The woman saw that the tree was good for eating and that it was a delight to the eyes and that the tree was desirable as a means to enlightenment and she took of the fruit and she ate; and she gave also to her husband with her and he ate.

Up to this point everything that Adam and Eve had done was in the service of G­D and His creation. Now for the first time, they are into fulfilment of personal desires and quest for knowledge independent of G­D. (It is clearly so for the simple reason that is against the stated Will of G­D.) “Good for eating… delight to the eyes… desirable as a means of enlightenment” – all these phrases clearly point to service of self rather than service of G­D.

Adam and Eve sought wisdom as an end in itself rather than as means to grow in attachment to the Divine. They placed quest for wisdom, above fear of sin.

Paradise was lost, never to be regained until the end of days. And tragically that one Shabbat in Gan Eden, key to ultimate fulfilment, could no longer achieve the longed-for purpose.

 

BUT WAIT …!

Wonder of wonders! The Alm­ghty in His great beneficence has restored to us His gift of Shabbat. At Sinai, when we, Am Yisrael, accepted His Torah, blueprint of Creation – in much more earthly form than in Gan Eden but His Torah nevertheless – the mitsva of Shabbat assumed pride of place at the centre of the Ten Commandments. And Shabbat is me’ein olam haba, a taste of the Gan Eden we had thought we’d lost forever!

And G­D also returned to us our mission “to observe the Shabbat la’asot et ha-Shabbat ledorotam b’rit olam in order to bring it to perfection… as an eternal covenant” (Exodus 31:16). Adam’s sacred task, thought to have been forfeited for all time, has been re-entrusted to Am Yisrael!

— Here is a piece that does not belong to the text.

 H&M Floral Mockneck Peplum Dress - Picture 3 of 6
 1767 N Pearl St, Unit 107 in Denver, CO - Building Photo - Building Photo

If we can keep the ‘one Shabbat’ that Adam should have kept, we shall achieve the ultimate tikun olam and our unredeemed world will become a redeemed one! (Shemot Rabba 25:12).

How are we to attain this? Not by ruminating on what the Shabbat will give me experientially. That is self-serving like the mistake of Adam and Eve. It is the approach of my taxi driver friend who preferred his own understanding to the retson haShem, the Will of G­D.

Rather we shall achieve it by surrendering ourselves and our own self-centred and superficial desires to the Shabbat and its Creator unconditionally.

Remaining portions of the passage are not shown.